Su boca se curvó en una media sonrisa. Observé fijamente aquellos labios rememorando lo que había sentido al besarlos, al sostener su rostro entre mis manos, al hundir mis dedos en su pelo. Me percaté de que parecía mucho más claro, casi de aquel tono dorado que solía adquirir durante su infancia.
Henry se arrodilló delante de mí y me ruboricé. Las manos me temblaban, pero la esperanza crecía y crecía en mi corazón como un millón de alas agitándose a la vez dentro de mí.
—He dejado Blackmoore al cuidado de mi hermano George y he aceptado un empleo en la Compañía de las Indias Orientales. He recorrido medio mundo para encontrarte…, para demostrarte que nunca te guardaré rencor por privarme de mi hogar, ya que he renunciado a él libremente. Ahora ya no hay nada que puedas arrebatarme, excepto mi corazón, pero de ese pecado hace mucho tiempo que eres culpable.
Percibí en sus ojos grises esperanza, pánico, miedo y amor, todo a la vez, junto con un brillo tan intenso que el corazón se me partió en dos y me cubrí el rostro con las manos, totalmente abrumada.
—Kate, he venido para preguntarte una vez más si quieres pasar tu vida conmigo. Podemos ser aventureros juntos. Te he seguido hasta aquí, mi amor, y te seguiré adonde quiera que elijas ir a continuación. Te amaré pase lo que pase en el futuro. Me conoces, sabes que soy capaz de ser tan testarudo como tú. He abandonado mi hogar para estar contigo, por eso te pido que abandones tus miedos para estar conmigo, que me creas, que confíes en mí, que… —La voz se le quebró—. Que me quieras como yo te quiero.

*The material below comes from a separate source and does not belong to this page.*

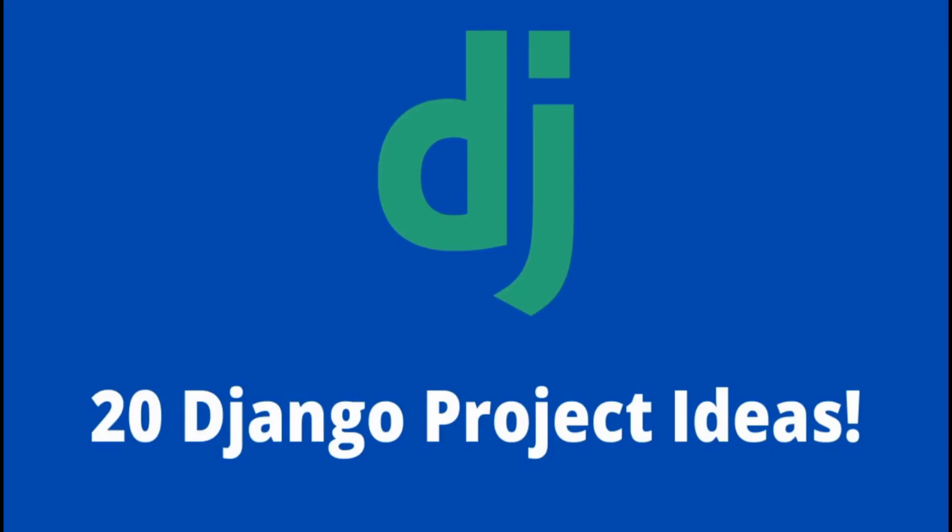Hey guys, welcome to this video. In this video, we're going to be looking at 20 different Django project ideas. As a Django developer, the best way to improve your skills is by practicing, and we practice by building different projects.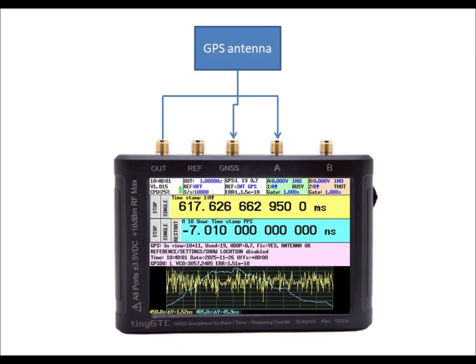In this video I will demonstrate the GPSDO functionality. We start with the GPS antenna connected to the GNSS SMA and the OUT is connected to the A input.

Mis hombros se convulsionaron.
—Kate…, ¿te estás riendo? Kate, si estás riéndote de nuevo, te juro…
Bajé las manos y le mostré mi rostro surcado de lágrimas, luego extendí los brazos y me abandoné en los suyos. Era como llegar a casa, a la casa más segura que jamás hubiera conocido y que jamás conocería. Nos aferramos el uno al otro como si nos estuviéramos ahogando y el otro fuera la única persona en el mundo capaz de salvarnos. Y luego me besó por todo el rostro surcado de lágrimas, en los labios, en el pelo… Deseé que no se detuviera nunca.
—Tengo que decirte algo —admití cuando al fin me separé de él para tomar aire—. Tú… —Hice una pausa para secarme la nariz con la manga—. Tú no eres «el realizador de mis deseos», Henry Delafield.
Henry echó atrás la cabeza y se echó a reír.
—No, escúchame.
Tomé su rostro entre mis manos. Su mirada era dulce y resplandeciente y se paseó por mi rostro con tanta veneración que me pareció una caricia. Luego se inclinó hacia delante y me rozó la mejilla con los labios.
—Te escucho —murmuró.
Seguía abrazándome y nos separaba una distancia que era imposible estrechar más.
—No eres «el realizador de mis deseos». —Inspiré profundamente y esbocé una sonrisa—. Sino todo cuanto deseo.
—Oh, Kate —murmuró apoyando su frente en la mía—. Después de todo, eres una romántica.